The varying dynamics along friendships’ timeline also factors heavily into Surface’s fiction — think of more ominous, atmospheric interactions in the vein of The Big Chill.  “Plans change — that was how Jerry put it,” comes a line in “The Sound the World Makes.”  “The important thing, he said, was not to be so attached to your plans for the future that you can’t handle it when a whole different future arrives.”

In “Last Ride of the Night,” Surface captures both the ramifications of shared wounds as he animates his characters quite literally down memory lane, fog-filled as it may be.  “I wanted the shock of contradiction,” his protagonist admits, “to have the flaws and falsehoods in my memory confirmed and held up to my face. I knew what I remembered and I wanted to be wrong.”


The collection’s title story calls to mind moments from T.E.D. Klein’s, “Petey,” while framing the tale with both an “altered perspective” and an anthropological detachment in the analytical mode of more contemporary writers like Matt Cardin.

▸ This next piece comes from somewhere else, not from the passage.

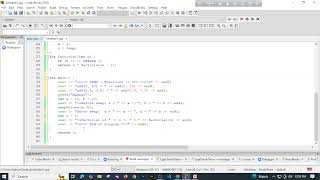 Tutorial 10 : Functions in C++ Explained | User-Defined Functions, Return Types & Parameters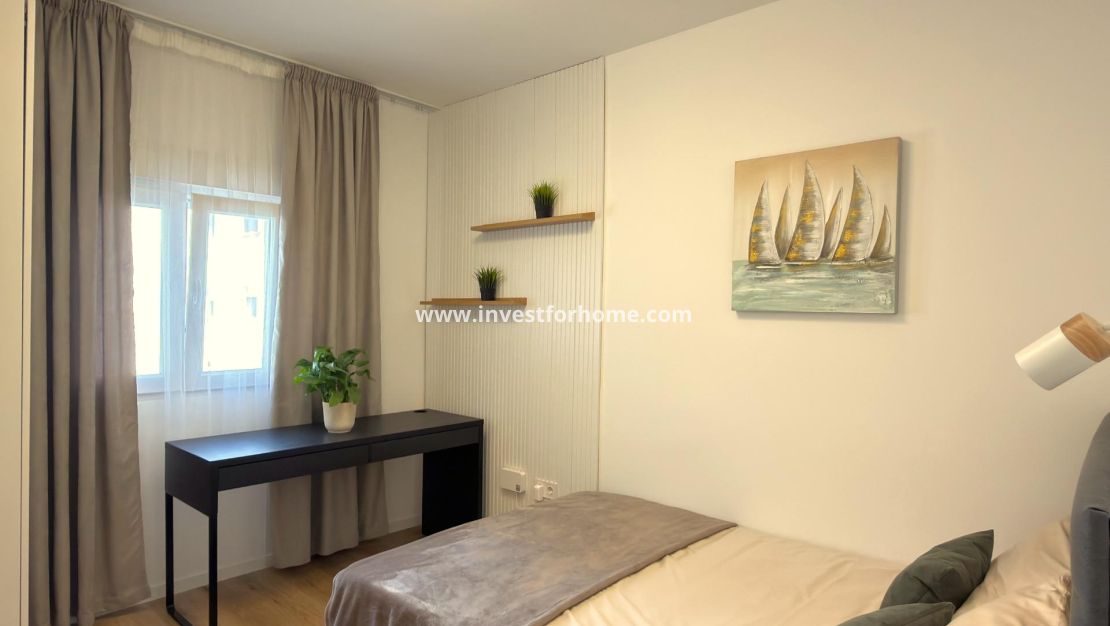 Sale - Apartment - Torrevieja - Playa de los Locos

Yet it is in the story “Intruders” that distills not only Surface’s skill, but partially telegraphs his literary agenda.  In it, we have a teacher whose young charges are just beginning to confront the unpredictable realities of school-targeted violence.  Surface’s protagonist-teacher (I’ll avoid using the term “educator,” as it both limits and misses the point of what real teachers actually do) demonstrates the growing the claustrophobia of our increasingly violent climate, while delineating the tension of this occupation’s obligations:  the daily responsibility to maintain the safety of the vulnerable; the gravity of potential; and the ramifications of lost opportunity.  What is vigilance?, asks Surface.  What is overreaction? 


It’s a compliment that the story calls to mind moments from Stephen King’s “Sometimes They Come Back,” though progresses beyond it in its all-embracing sympathies.  “Don’t lie to them,” comes a particularly haunting line from the story. “They’ll know.” It’s an instruction directed at both the students in his narrative and his audience facing the page.  David Surface is, even in his half-truths, being authentic.


Knowing very little of the man aside from the warmth and intellect reflected in his fiction — and how his aesthetic has affected me — I’ve come to gain a sense that Mr. Surface, as a writer, operates like a war-torn combat medic.  As the thirteen stories in his collection, Terrible Things deftly demonstrates, in the trauma unit of tale-telling, David Surface is unable to supply too many precious answers, rather he provides verbal sutures to the damaged and heart-sick, patching us up the best he can.